Because of new rules restricting the entry of birders, we worried that the guards of the Aripo Livestock Station would turn us away, thus jeopardizing our assault on the previous Big Day record, but fortunately they allowed us to enter.  We quickly picked up open country species, plus some unexpected birds including a Long-winged Harrier, Little Cuckoo and Long-billed Starthroat.  When we left at 1300 our list had climbed to 105.

On our way toward the west coast we were dismayed to find the Trincity Sewage Ponds either low or choked with weeds.  Disappointingly no Least Grebes were present (an unimaginable miss), but we did pick up a Little Egret (rarely seen there), an early Yellow Warbler and two Common Waxbills (an exotic species well established for at least 10 years).  The Caroni Rice Fields, our next stop, produced the expected myriad of resident and migrant waders, ducks and shorebirds.  An immature Snail Kite--presumably the same bird seen a few months earlier--was an unexpected surprise.  Luckily we didn't need to search for Long-winged Harrier or Little Egret (seen four days earlier), which we had already seen elsewhere.  We left the rice fields at 1445 with 138 species, and cruised southward toward the west coast.

At Waterloo, our next step, we scanned the coastal mudflats and rapidly picked up many waterbirds and seabirds.  Surprisingly we failed to find any of the four summering Lesser Black-backed Gulls, but managed to find one of the Wilson's Plovers seen a four days earlier plus an early Marbled Godwit.  We left Waterloo at 1555, with 154 species.  Running low on time, we reluctantly skipped Cacandee, a prime mangrove and marsh locality too far out of the way, and sped northward to the boat docks on the eastern edge of Caroni Swamp, where we picked up only a few new birds among the mangroves before leaving.  We left the coast at 1645 with 157 species and a new Big Day record for Trinidad.  But we were disappointed to have missed Tricolored Heron and Bicolored Conebill.
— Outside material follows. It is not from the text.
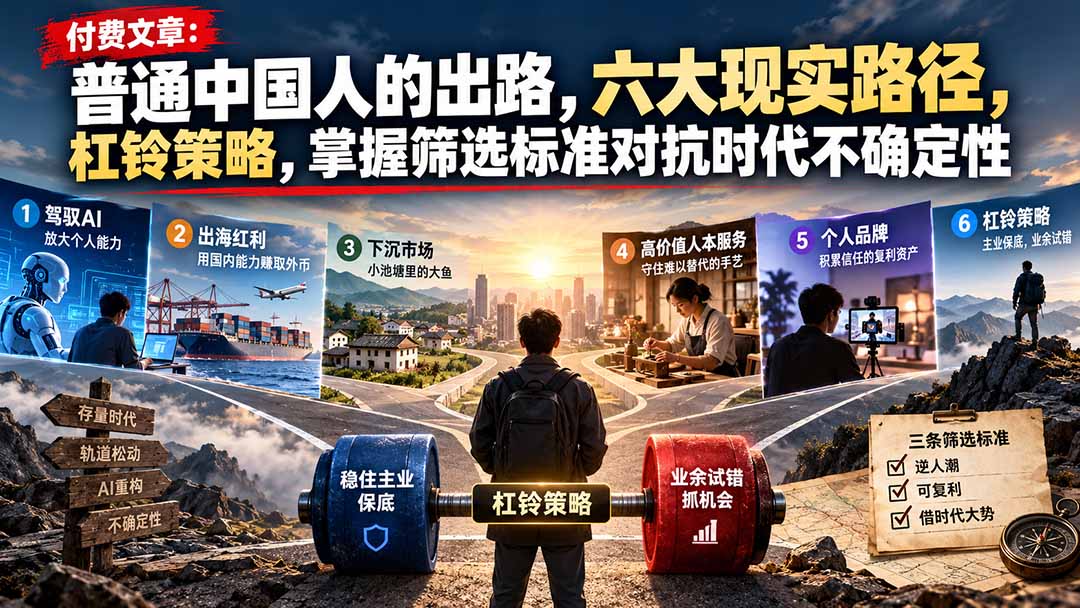 付费文章：普通中国人的出路，六大现实路径，杠铃策略，掌握筛选标准对抗时代不确定性-1.jpeg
Speeding eastward we soon arrived at the Aripo Savannas, where we spent our last hour of daylight and picked up nine new species.  A few Red-bellied Macaws flew overhead, as expected.  A Bat Falcon perched cooperatively, but Sulphury Flycatchers eluded us until just before sunset, when our hopes of seeing White Hawk, Southern Beardless-Tyrannulet and Tropical Parula--all easy birds--sank with the sun.  And somehow Bryan and I had missed White-bearded Manakin, one of the most common species of forest birds, of which only a female was seen by Martyn.

After dark we spent about 20 minutes night-birding in Wallerfield, where we flushed several White-tailed Nightjars, but failed to turn up a Barn Owl, Common Pauraque or Nacunda Nighthawk.  Given Wallerfield's notorious reputation, the headlights of a few cars spooked us into leaving early.  We easily could have gotten Barn Owl in the Caroni Rice Fields, but Martyn and I had our wives waiting for us so we chose to save the Barn Owl for a later Big Day.  Back home at 1930 we paused to listen for Tropical Screech-Owl, but none called.  So we called it a big day, satisfied with a record-shattering 167 species including two established exotics: Rock Dove and Common Waxbill.  With better time management and fair weather, we think 180 is possible.